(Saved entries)
== Segment start ==

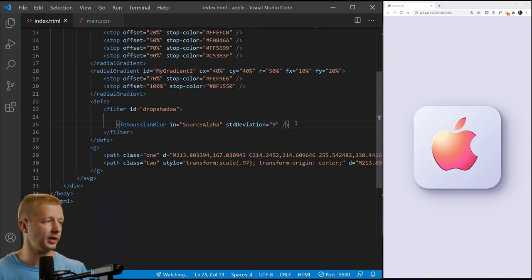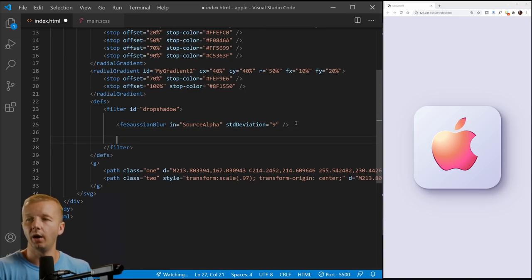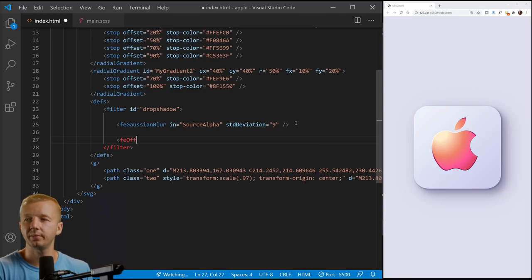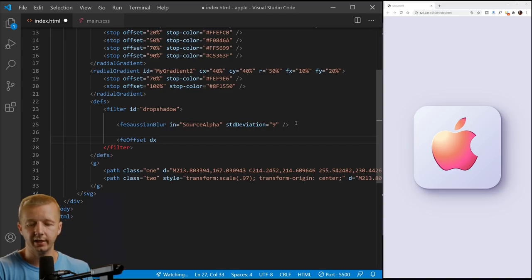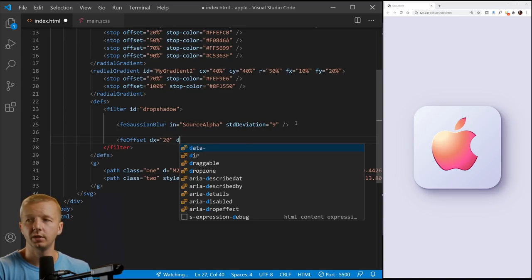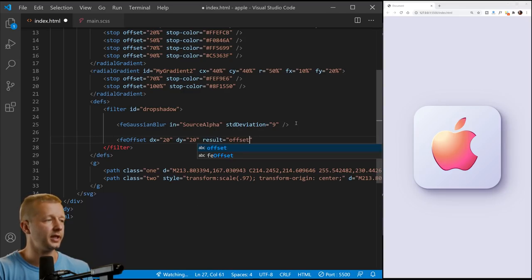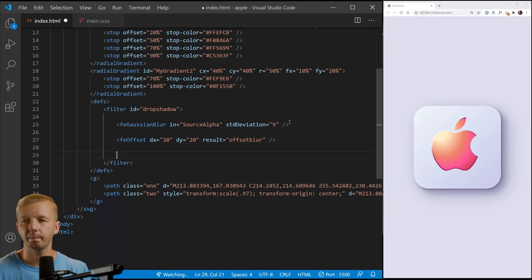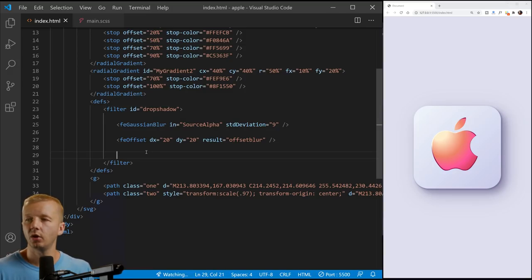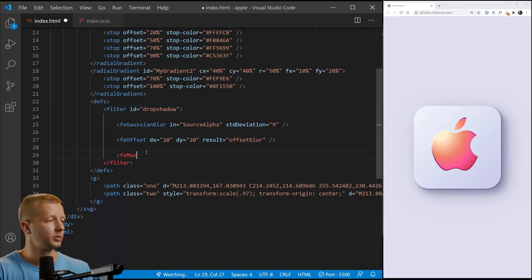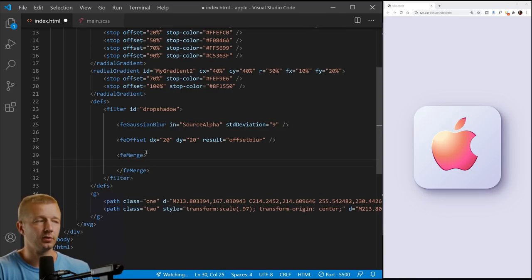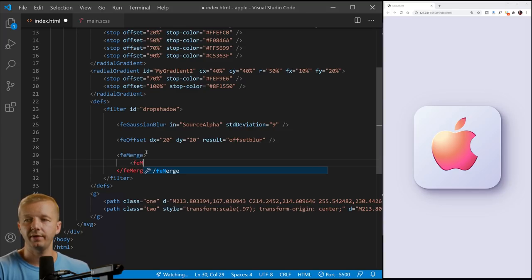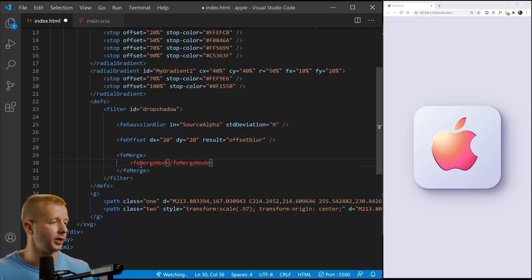Now you'll see this STD deviation that controls how large the drop shadow is and like the spread of it sort of. And then we're going to do FE offset. We're going to do DX. It's 20. So this is positioning it. DY equals 20. And then result is offset blur.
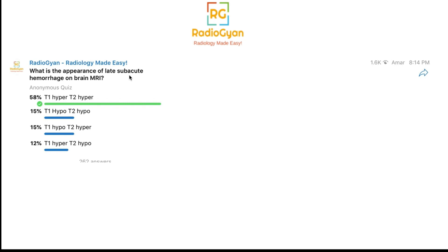One thing I've often seen is that to remember the appearance on MRI, students use a mnemonic which is very complicated — so complicated you need a mnemonic for the mnemonic, which doesn't serve the purpose. I'll try to simplify the imaging appearance so you don't need a mnemonic; you just understand the basic pathophysiology.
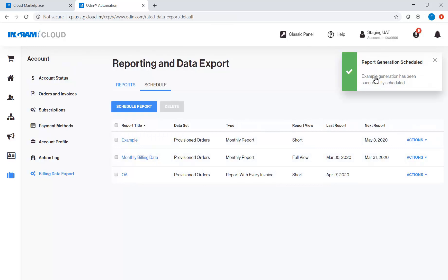Again, a pop-up message will appear at the top right corner of the page indicating the status of the report you have created.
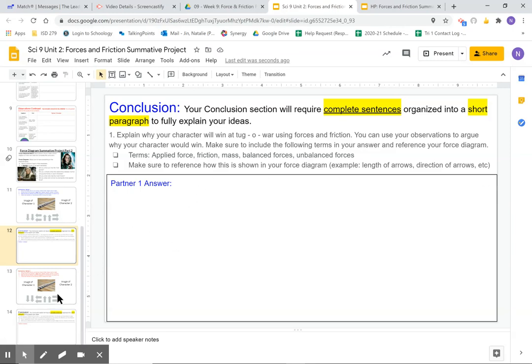Remember complete sentences. You are graded based on the quality of your answer.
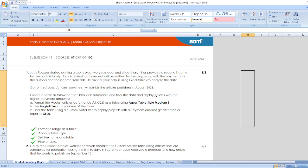First, the steps: Jack Roscoe started running a sports blog two years ago and since then it has provided a second income for him and his family. Jack is reviewing the recent articles written for the blog along with the payments to the authors and the income from ads. He asked for your help in using Excel tables to analyze the data.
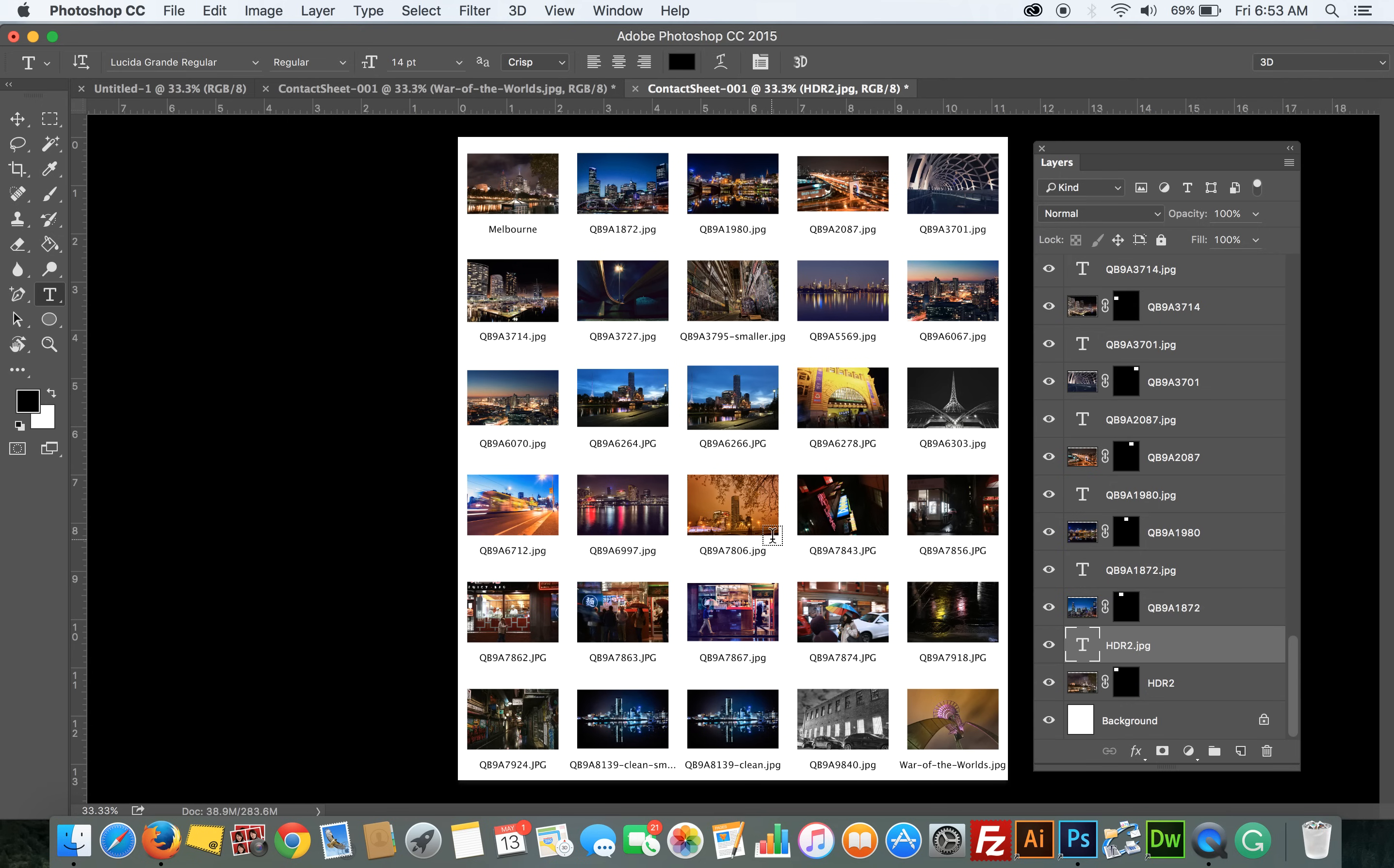To produce a contact sheet in Photoshop. Don't forget to comment below and share with us your tips and techniques and how you create contact sheets. Thanks for watching.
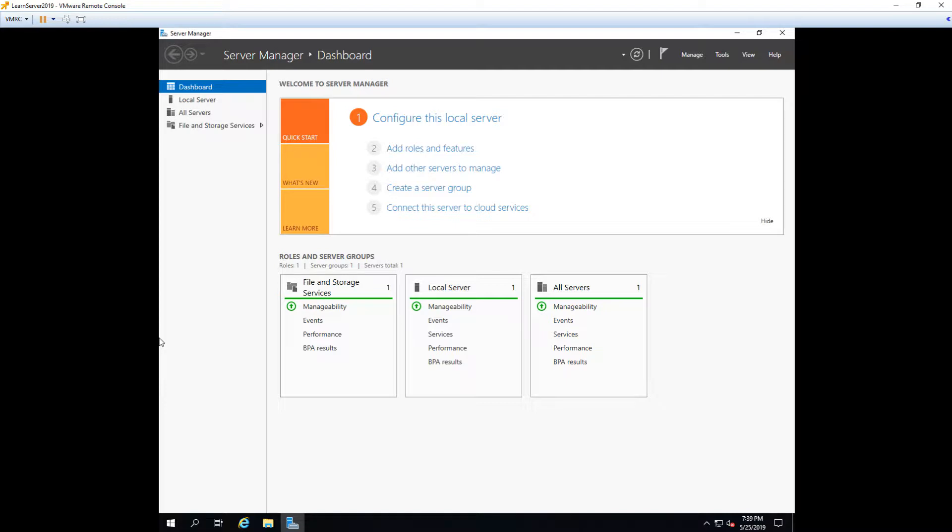Another example is when you install the Hyper-V role, it will automatically install the Hyper-V management tools which show as a feature. This is an example of where you can install the Hyper-V management tools without installing the Hyper-V role. You can install the Hyper-V management tools by themselves without installing the role but they get installed automatically if you install the role.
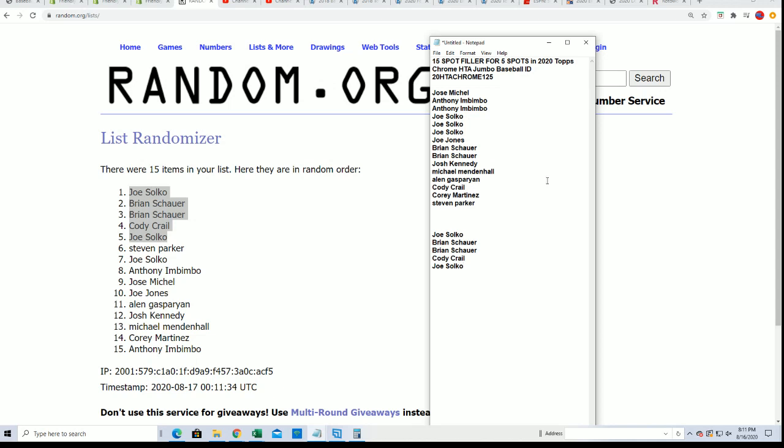Thanks for getting in the filler. We'll be ripping the box break here really soon. There's still a couple of spots left, so you can still get into the break. But that is our filler results.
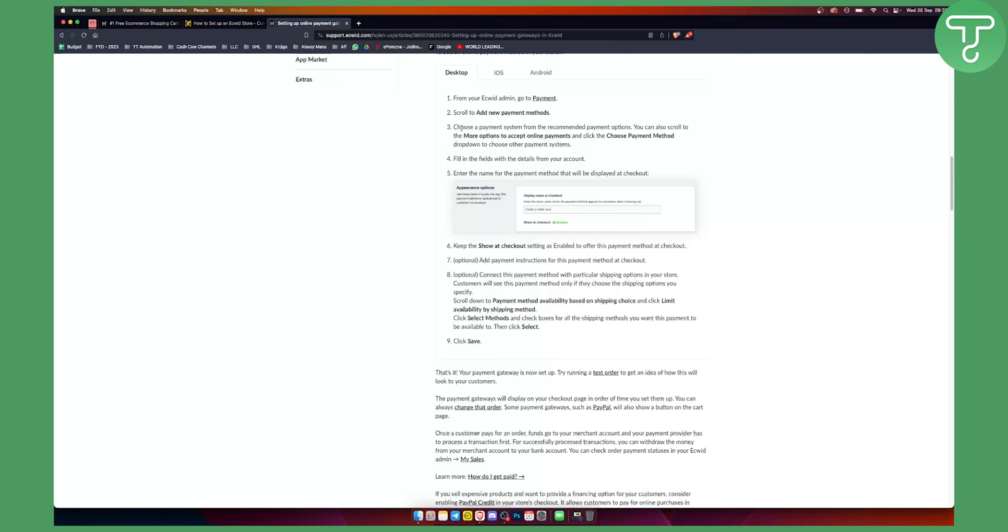You can choose a payment system from the recommended payment options. You can also scroll to more options to accept online payments and click the choose payment method dropdown to choose other payment systems as I showed you previously.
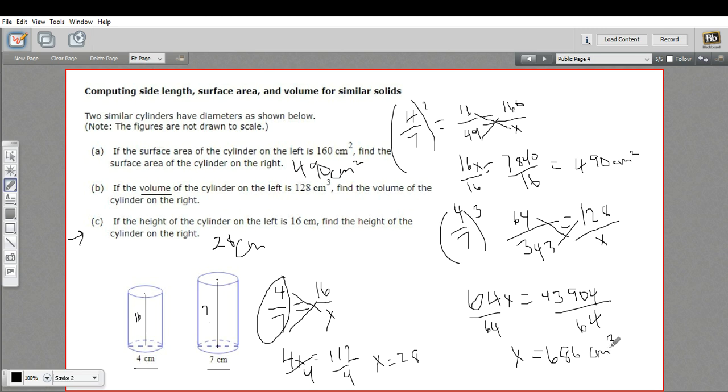That is how to compute a side length, a surface area, and a volume for similar solids.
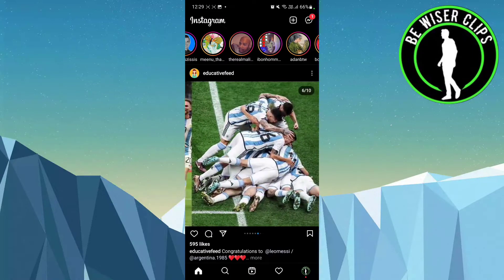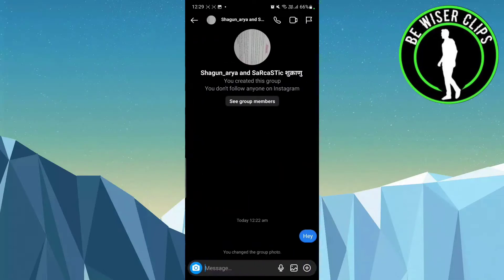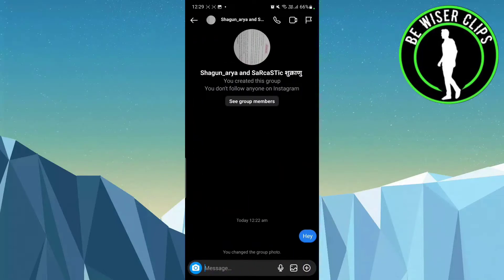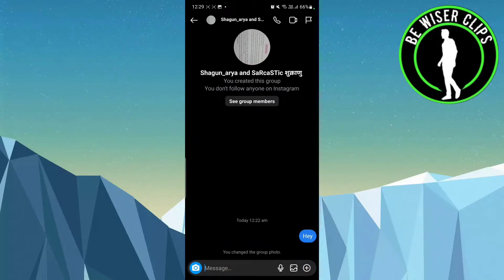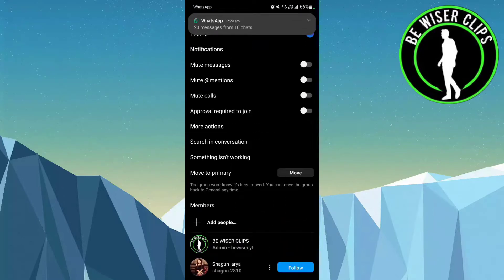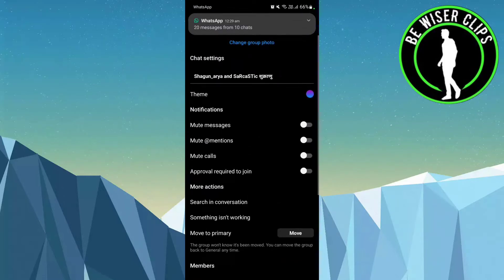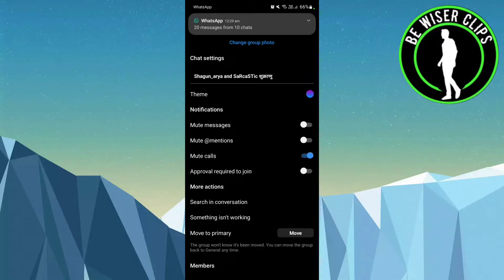To do that, go to that particular group, and once you are there, click on the profile at the top. You will see an option for 'Mute Calls' — click on that and it will simply mute the calls for that particular group.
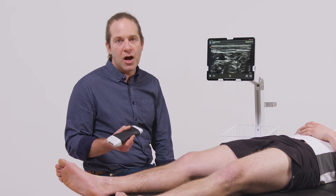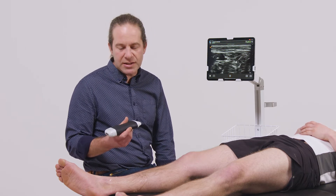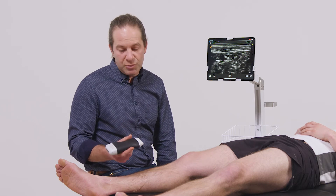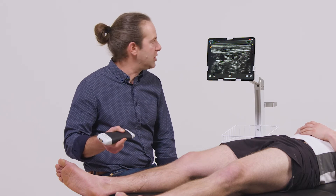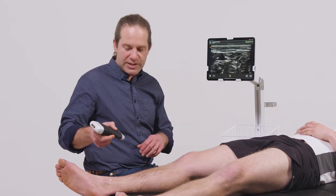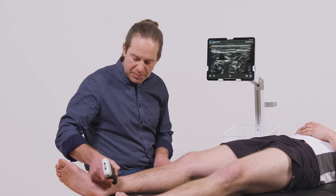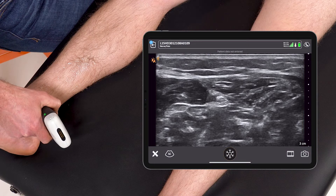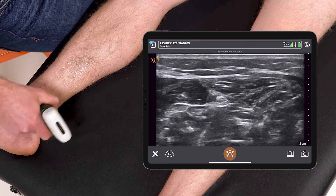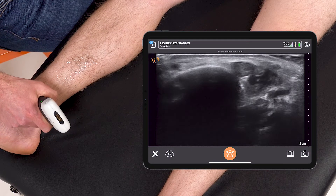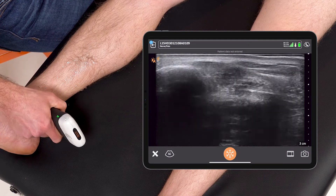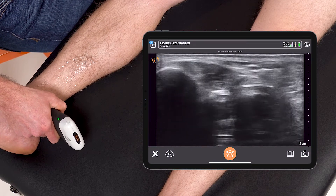In this example, I'll show how to identify the posterior tibial nerve under ultrasound guidance in preparation for a nerve block. I'm using a linear scanner here on the nerve preset, and I'm going to start on the medial aspect of the leg, just proximal to the medial malleolus.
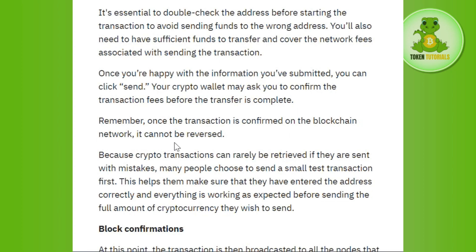Remember, once the transaction is confirmed on the blockchain network it cannot be reversed, because crypto transactions can rarely be retrieved if they are sent with mistakes. Many people choose to send a small test transaction first. This helps them make sure they have entered the address correctly and everything is working as expected before sending the full amount.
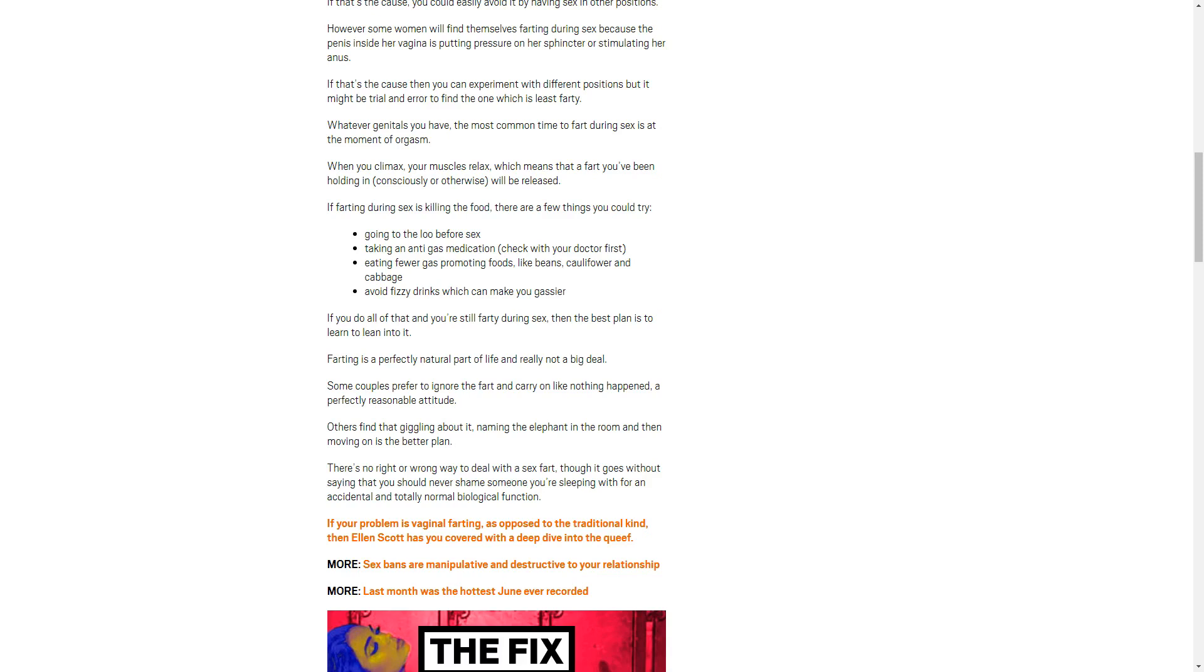Taking an anti-gas medication. But honey, you forgot your beano. Eating fewer gas promoting foods like beans, cauliflower, and cabbage. I like it when my bitch eats a lot of cabbage before. Avoid fizzy drinks, which can make you gassier. But everyone loves fizzy drinks.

== Segment end ==

Set down all records verbatim, omitting images.

Now you'll see this STD deviation that controls how large the drop shadow is and like the spread of it sort of. And then we're going to do FE offset. We're going to do DX. It's 20. So this is positioning it. DY equals 20. And then result is offset blur.
One thing I've often seen is that to remember the appearance on MRI, students use a mnemonic which is very complicated — so complicated you need a mnemonic for the mnemonic, which doesn't serve the purpose. I'll try to simplify the imaging appearance so you don't need a mnemonic; you just understand the basic pathophysiology.
Again, a pop-up message will appear at the top right corner of the page indicating the status of the report you have created.
Remember complete sentences. You are graded based on the quality of your answer.
First, the steps: Jack Roscoe started running a sports blog two years ago and since then it has provided a second income for him and his family. Jack is reviewing the recent articles written for the blog along with the payments to the authors and the income from ads. He asked for your help in using Excel tables to analyze the data.
To produce a contact sheet in Photoshop. Don't forget to comment below and share with us your tips and techniques and how you create contact sheets. Thanks for watching.
Another example is when you install the Hyper-V role, it will automatically install the Hyper-V management tools which show as a feature. This is an example of where you can install the Hyper-V management tools without installing the Hyper-V role. You can install the Hyper-V management tools by themselves without installing the role but they get installed automatically if you install the role.
Thanks for getting in the filler. We'll be ripping the box break here really soon. There's still a couple of spots left, so you can still get into the break. But that is our filler results.
You can choose a payment system from the recommended payment options. You can also scroll to more options to accept online payments and click the choose payment method dropdown to choose other payment systems as I showed you previously.
That is how to compute a side length, a surface area, and a volume for similar solids.
To do that, go to that particular group, and once you are there, click on the profile at the top. You will see an option for 'Mute Calls' — click on that and it will simply mute the calls for that particular group.
In this example, I'll show how to identify the posterior tibial nerve under ultrasound guidance in preparation for a nerve block. I'm using a linear scanner here on the nerve preset, and I'm going to start on the medial aspect of the leg, just proximal to the medial malleolus.
Remember, once the transaction is confirmed on the blockchain network it cannot be reversed, because crypto transactions can rarely be retrieved if they are sent with mistakes. Many people choose to send a small test transaction first. This helps them make sure they have entered the address correctly and everything is working as expected before sending the full amount.
Taking an anti-gas medication. But honey, you forgot your beano. Eating fewer gas promoting foods like beans, cauliflower, and cabbage. I like it when my bitch eats a lot of cabbage before. Avoid fizzy drinks, which can make you gassier. But everyone loves fizzy drinks.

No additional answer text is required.